Since then, the broader question has arisen of how many licenses the UK grants France after Brexit to fish in British waters.
France was angered by the UK and Jersey’s decision last month to deny fishing licenses to dozens of French boats and argued that this violated the Brexit deal.
He then warned that next week he will prevent British boats from landing their catch in some French ports and tighten controls on British boats and trucks if the fishing license dispute is not resolved by Tuesday.
France also said it could cut electricity supplies to Jersey, a British Crown dependency, as previously threatened in May.

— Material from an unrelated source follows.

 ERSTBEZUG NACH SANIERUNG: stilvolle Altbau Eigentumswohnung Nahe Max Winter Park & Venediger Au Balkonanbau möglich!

Speaking on Saturday, Johnson acknowledged that there was “turbulence” in the UK’s relations with France, but insisted that the things that united the two countries were more important than their divisions.
However, on Twitter, his Brexit minister Lord Frost said on Saturday that the government is “actively considering” initiating a legal process against France under the Brexit deal, following the “threats”.
He tweeted: “We will continue to speak constructively to try to resolve all the differences between us and urge the EU and France to step back from the rhetoric and actions that make this more difficult.”
On Sunday, the French minister for Europe, Clément Beaune, responded to Lord Frost, saying that France had “negotiated patiently and constructively for 10 months”.
He dismissed claims that there had been technical problems that led to the problems, saying, “It’s not a technical problem, it’s a political choice and a violation of the [Brexit deal]. “
He added: “A friend, ally and responsible partner should keep their word and comply with legal commitments.”